> [Task data]:
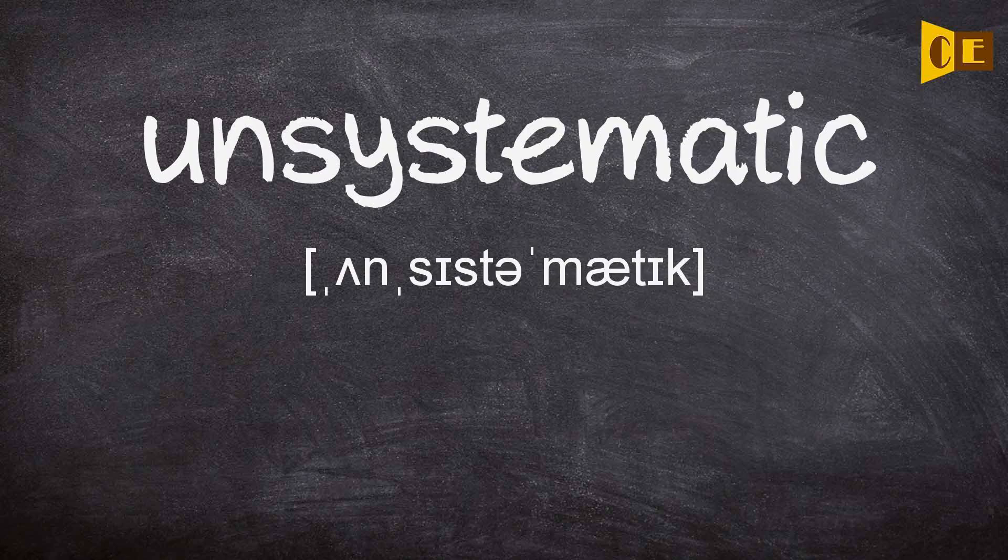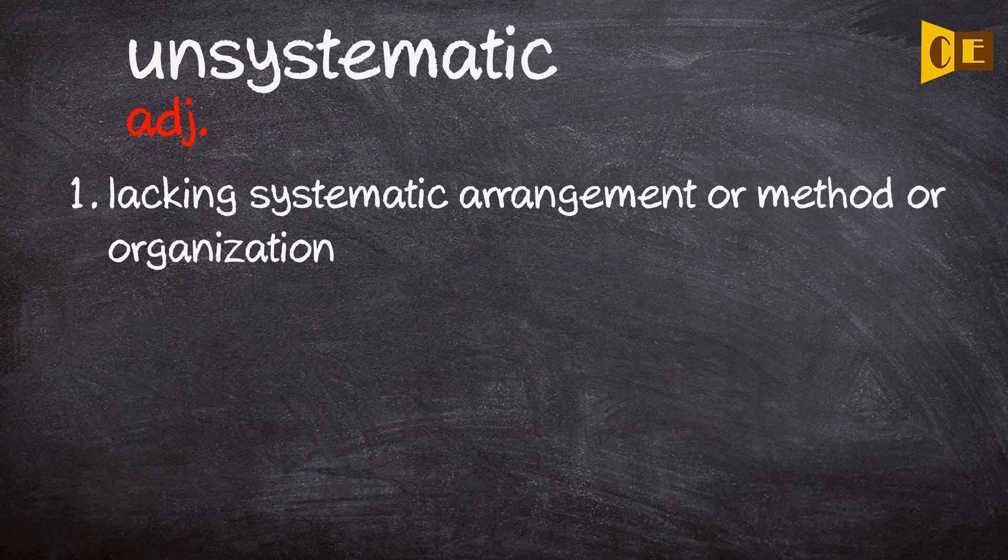Unsystematic. Adjective. 1. Lacking systematic arrangement or method or organization.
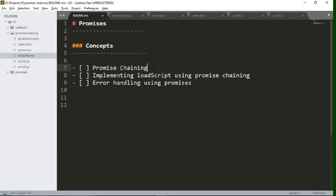Hello everyone. In this video we will learn what promise chaining is and how you can implement promise chaining in JavaScript. Then we will implement promise chaining in the loadScript function which we made in the previous video for dynamically adding multiple scripts in our index HTML file. Finally, we will handle some errors using promises in more detail. Let's start these concepts one by one.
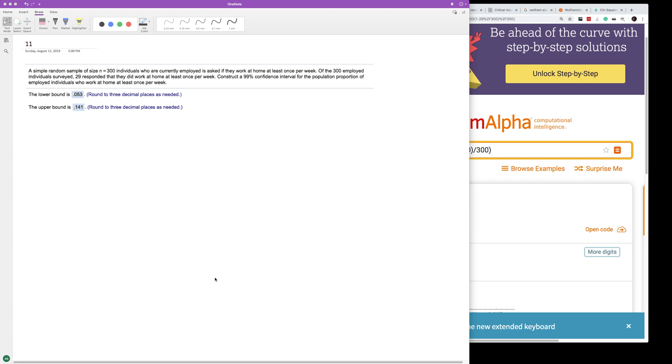A sample of 300 individuals who are currently employed is asked if they work at least once per week. Of the 300 people surveyed, 29 responded that they did work at home at least once per week. Construct a 99% confidence interval for the population proportion.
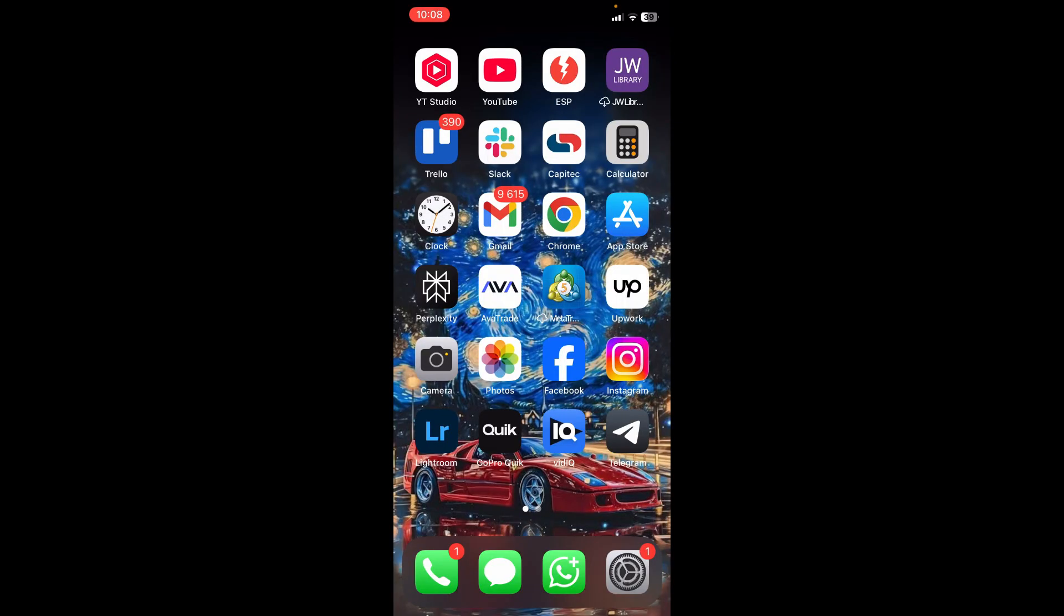Welcome to the channel. Today I'm going to show you how you can back up your WhatsApp messages to your Google Drive on your iPhone. Let's dive in. Okay, ladies and gentlemen, the first thing we need to do is jump into WhatsApp.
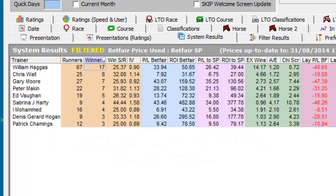Armed with this information, we can now make informed decisions about our confidence in backing the runners of the top trainer versus the second trainer. We all know what happens when we follow a system — it starts to make losses, then just after we give up in disgust, it promptly produces a number of long-price winners.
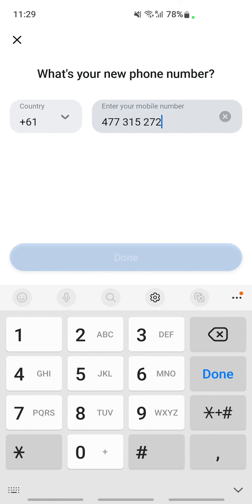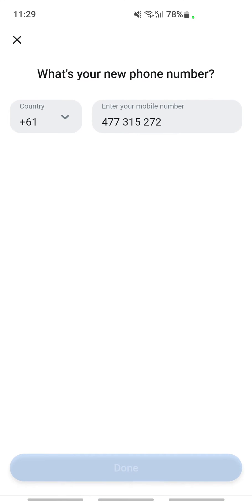Once you're done with that, just hit the Done option. Once you hit Done, that's it, it will change your phone number. So that's pretty much it.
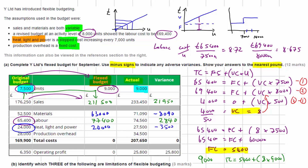For production overhead, it's a fixed cost, so we simply carry forward the same £28,000. The actual cost was higher, giving an adverse variance of £6,500.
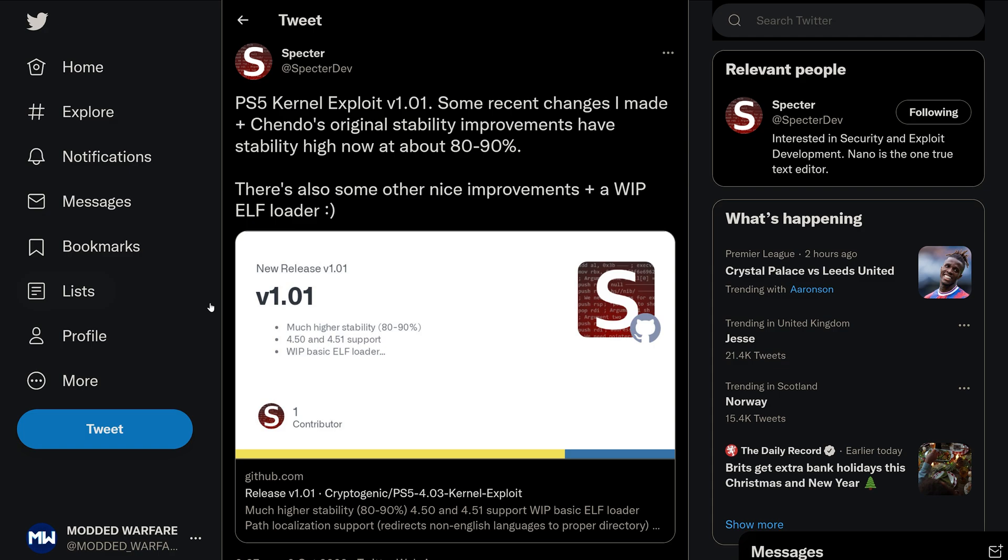We also have a significant stability improvement added as well. It was about 30% and I've loaded this exploit so many times, the original version, and pretty much 9 times out of 10 it would crash. Whereas here you can see the stability has been improved to about 80 to 90%. So it's significantly more stable than it was before.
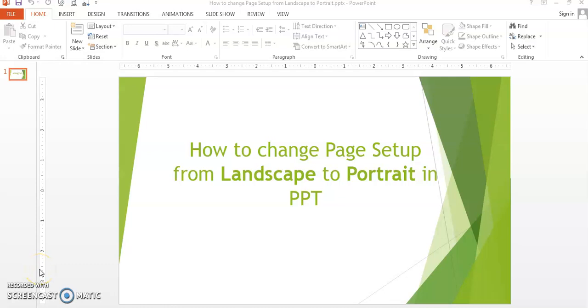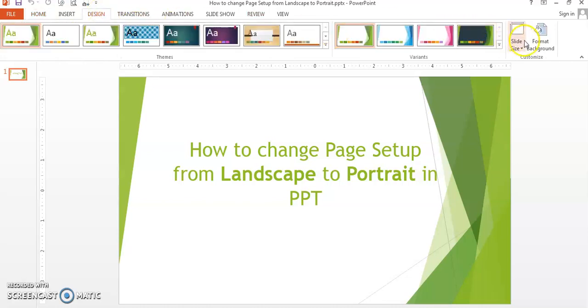As you know, the default page setup in PowerPoint is landscape, but sometimes we want to change it to portrait. How do we do that? It's actually quite simple. First, we go to the design tab, then go to slide size.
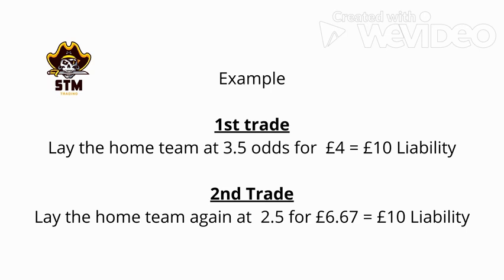Second trade: lay the home team again at 2.5 for £6.67, this equals £10 liability.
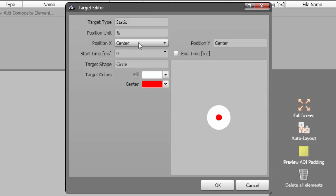We also want to define when the target will appear and for how long. I want this target to be displayed right from the beginning of the stimulus. So, I'll enter zero for the start time. And I want it to vanish after two seconds, which in milliseconds is 2000, the value I'll enter for the end time.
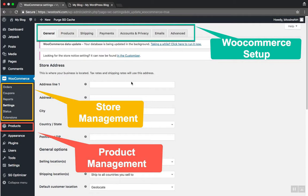Below the WooCommerce button you'll see quick navigational links to your orders, coupons, store report, settings, etc. Below it is the product management, which can be considered part of WooCommerce but is displayed as a separate subcategory here for easier management of your own products.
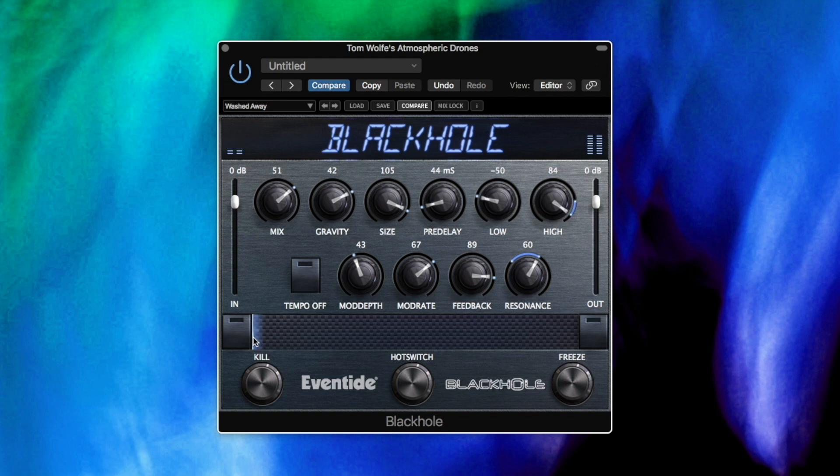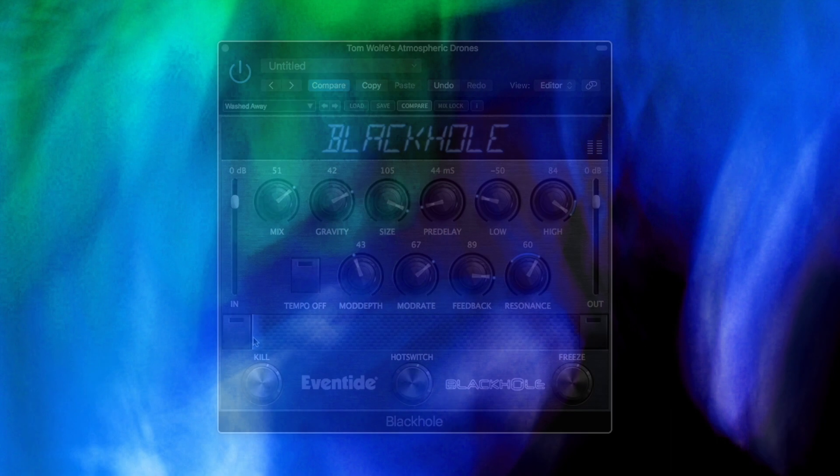So that was Atmospheric Drones. There's a link to the product page in the description below. I've also just released Ethereal Keys, another collection of presets for Black Hole, but this time focusing on adding some washy ambience to short sounds. You can find the demo video for that on my channel.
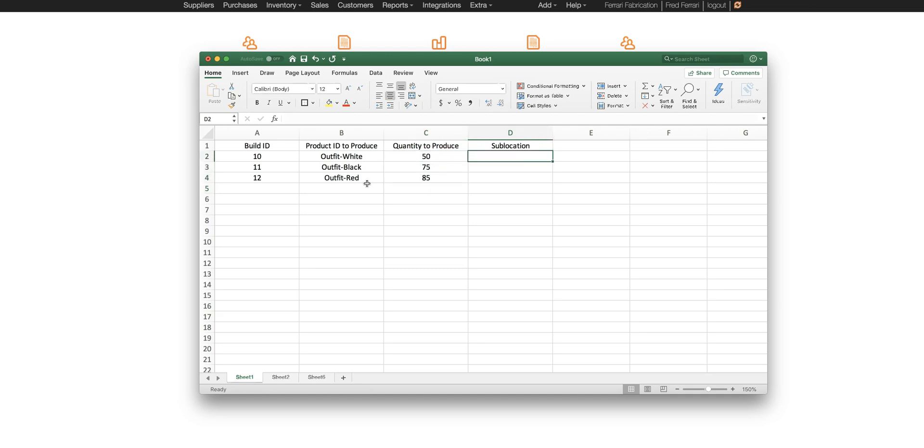And lastly the sublocation. So this account I have main configured as my primary sublocation.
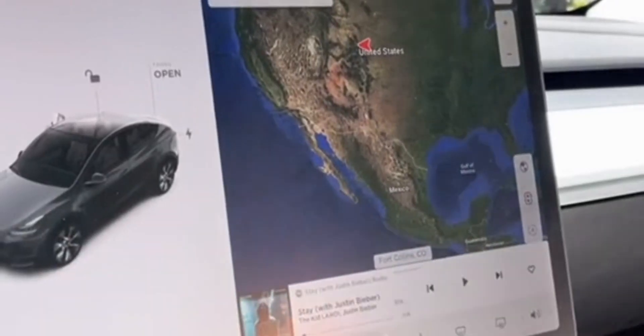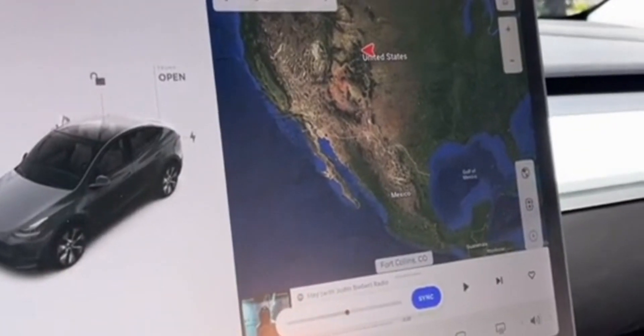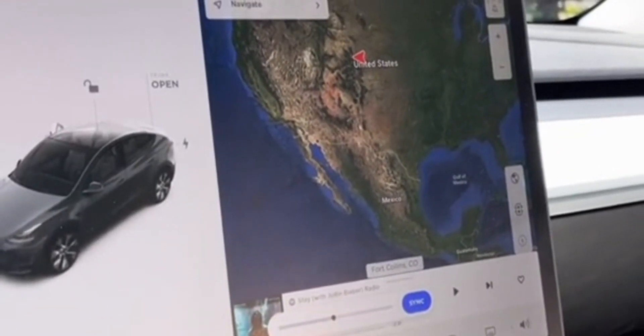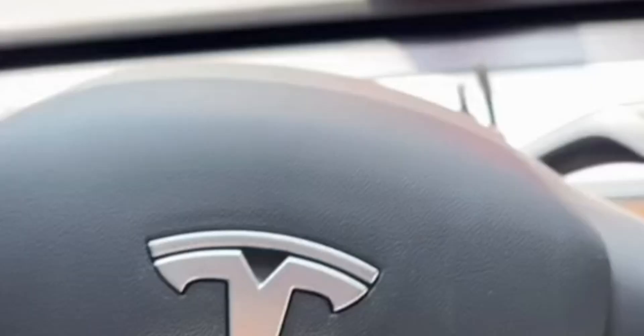And finally, instead of changing the air temperature with the arrows, you can swipe across the screen, which is much easier.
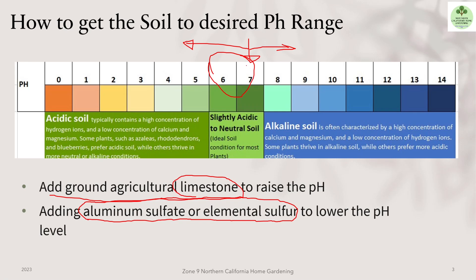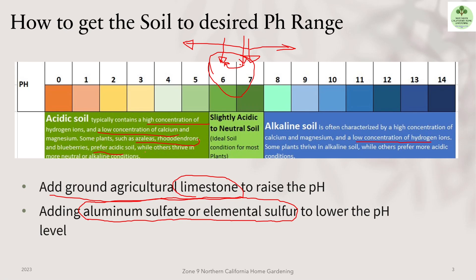One important point: the pH scale is logarithmic. If your soil is at 6 and you want to push it to 7, the soil at 6 is 10 times more acidic than at 7. Each step on the scale represents a 10-times difference — it's good to understand the severity of what you're dealing with. Also, alkaline soil is characterized by high concentration of calcium and magnesium and low concentration of hydrogen ions, while acidic soil has high hydrogen ions.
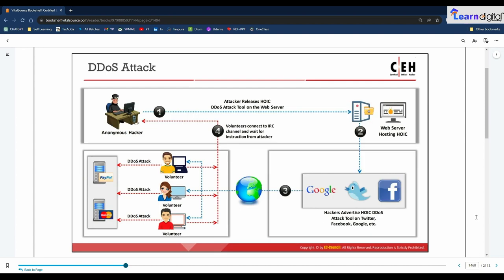In a case study on DDoS attacks, attackers use a group of compromised systems — bots or zombies, usually infected with Trojans — to perform DoS attacks on the target system or network resource. As shown in the figure, an anonymous hacker hosts a High Orbit Ion Cannon (HOIC) DDoS attack tool on a compromised web server. The hacker then advertises the HOIC DDoS attack tool on social networking sites such as Twitter, Facebook, and Google with a malicious download link.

> [Task brief]:
Transcribe the listing in full. Omit the pictures and keep every line exact.

> [Answer section]:
Unsystematic. Adjective. 1. Lacking systematic arrangement or method or organization.
Hello everyone. In this video we will learn what promise chaining is and how you can implement promise chaining in JavaScript. Then we will implement promise chaining in the loadScript function which we made in the previous video for dynamically adding multiple scripts in our index HTML file. Finally, we will handle some errors using promises in more detail. Let's start these concepts one by one.
A sample of 300 individuals who are currently employed is asked if they work at least once per week. Of the 300 people surveyed, 29 responded that they did work at home at least once per week. Construct a 99% confidence interval for the population proportion.
Welcome to the channel. Today I'm going to show you how you can back up your WhatsApp messages to your Google Drive on your iPhone. Let's dive in. Okay, ladies and gentlemen, the first thing we need to do is jump into WhatsApp.
Armed with this information, we can now make informed decisions about our confidence in backing the runners of the top trainer versus the second trainer. We all know what happens when we follow a system — it starts to make losses, then just after we give up in disgust, it promptly produces a number of long-price winners.
Once you're done with that, just hit the Done option. Once you hit Done, that's it, it will change your phone number. So that's pretty much it.
For production overhead, it's a fixed cost, so we simply carry forward the same £28,000. The actual cost was higher, giving an adverse variance of £6,500.
We also have a significant stability improvement added as well. It was about 30% and I've loaded this exploit so many times, the original version, and pretty much 9 times out of 10 it would crash. Whereas here you can see the stability has been improved to about 80 to 90%. So it's significantly more stable than it was before.
As you know, the default page setup in PowerPoint is landscape, but sometimes we want to change it to portrait. How do we do that? It's actually quite simple. First, we go to the design tab, then go to slide size.
Second trade: lay the home team again at 2.5 for £6.67, this equals £10 liability.
We also want to define when the target will appear and for how long. I want this target to be displayed right from the beginning of the stimulus. So, I'll enter zero for the start time. And I want it to vanish after two seconds, which in milliseconds is 2000, the value I'll enter for the end time.
Below the WooCommerce button you'll see quick navigational links to your orders, coupons, store report, settings, etc. Below it is the product management, which can be considered part of WooCommerce but is displayed as a separate subcategory here for easier management of your own products.
So that was Atmospheric Drones. There's a link to the product page in the description below. I've also just released Ethereal Keys, another collection of presets for Black Hole, but this time focusing on adding some washy ambience to short sounds. You can find the demo video for that on my channel.
And lastly the sublocation. So this account I have main configured as my primary sublocation.
And finally, instead of changing the air temperature with the arrows, you can swipe across the screen, which is much easier.
One important point: the pH scale is logarithmic. If your soil is at 6 and you want to push it to 7, the soil at 6 is 10 times more acidic than at 7. Each step on the scale represents a 10-times difference — it's good to understand the severity of what you're dealing with. Also, alkaline soil is characterized by high concentration of calcium and magnesium and low concentration of hydrogen ions, while acidic soil has high hydrogen ions.
In a case study on DDoS attacks, attackers use a group of compromised systems — bots or zombies, usually infected with Trojans — to perform DoS attacks on the target system or network resource. As shown in the figure, an anonymous hacker hosts a High Orbit Ion Cannon (HOIC) DDoS attack tool on a compromised web server. The hacker then advertises the HOIC DDoS attack tool on social networking sites such as Twitter, Facebook, and Google with a malicious download link.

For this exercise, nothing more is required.